Start of Listed entries

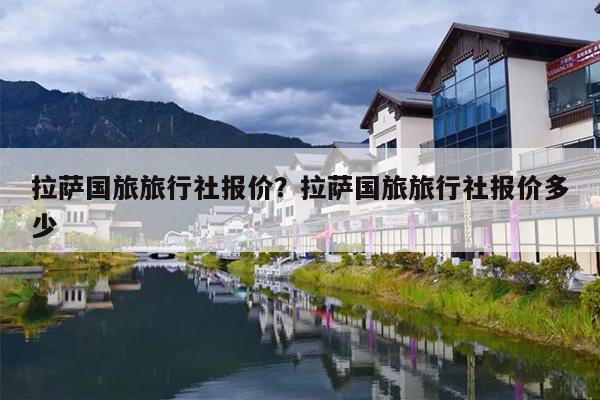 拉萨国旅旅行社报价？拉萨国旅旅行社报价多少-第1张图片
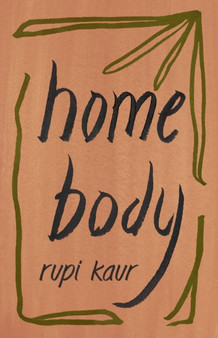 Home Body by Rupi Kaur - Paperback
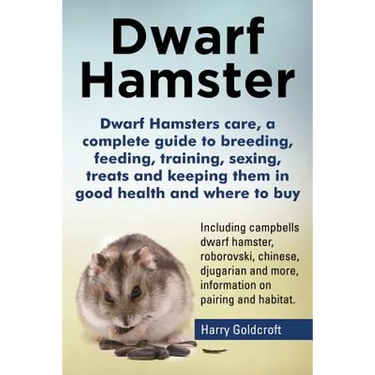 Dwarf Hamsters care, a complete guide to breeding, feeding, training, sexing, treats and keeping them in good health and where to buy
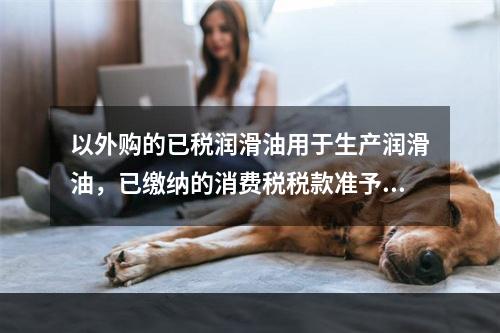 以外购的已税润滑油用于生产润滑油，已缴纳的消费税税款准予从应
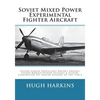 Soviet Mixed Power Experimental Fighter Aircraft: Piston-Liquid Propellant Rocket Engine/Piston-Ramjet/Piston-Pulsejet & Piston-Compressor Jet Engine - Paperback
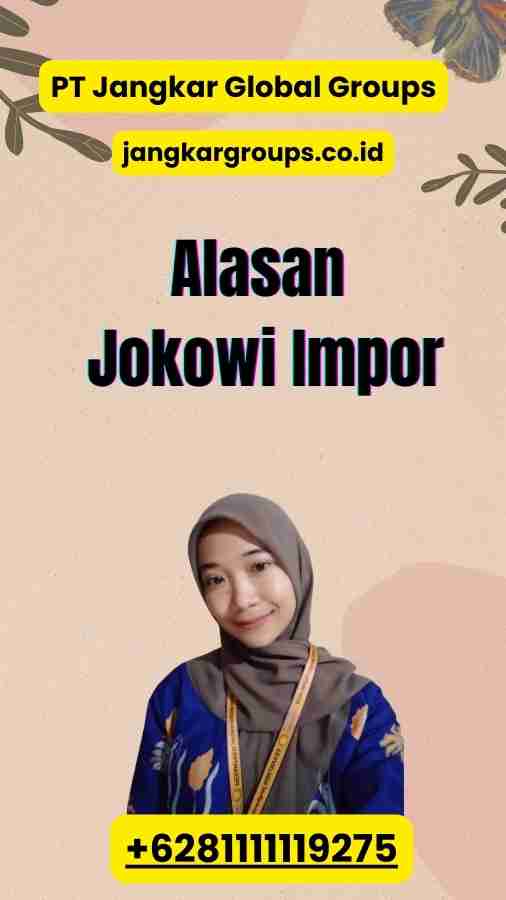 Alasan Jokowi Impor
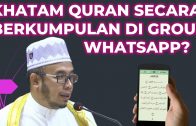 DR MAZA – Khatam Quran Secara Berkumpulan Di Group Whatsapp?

End of Listed entries

> [Activity]:
Generate a word-for-word copy of the preceding records, excluding all pictures.

> [Task answer]:
 拉萨国旅旅行社报价？拉萨国旅旅行社报价多少-第1张图片
 Home Body by Rupi Kaur - Paperback
 Dwarf Hamsters care, a complete guide to breeding, feeding, training, sexing, treats and keeping them in good health and where to buy
 以外购的已税润滑油用于生产润滑油，已缴纳的消费税税款准予从应
 Soviet Mixed Power Experimental Fighter Aircraft: Piston-Liquid Propellant Rocket Engine/Piston-Ramjet/Piston-Pulsejet & Piston-Compressor Jet Engine - Paperback
 Alasan Jokowi Impor
 DR MAZA – Khatam Quran Secara Berkumpulan Di Group Whatsapp?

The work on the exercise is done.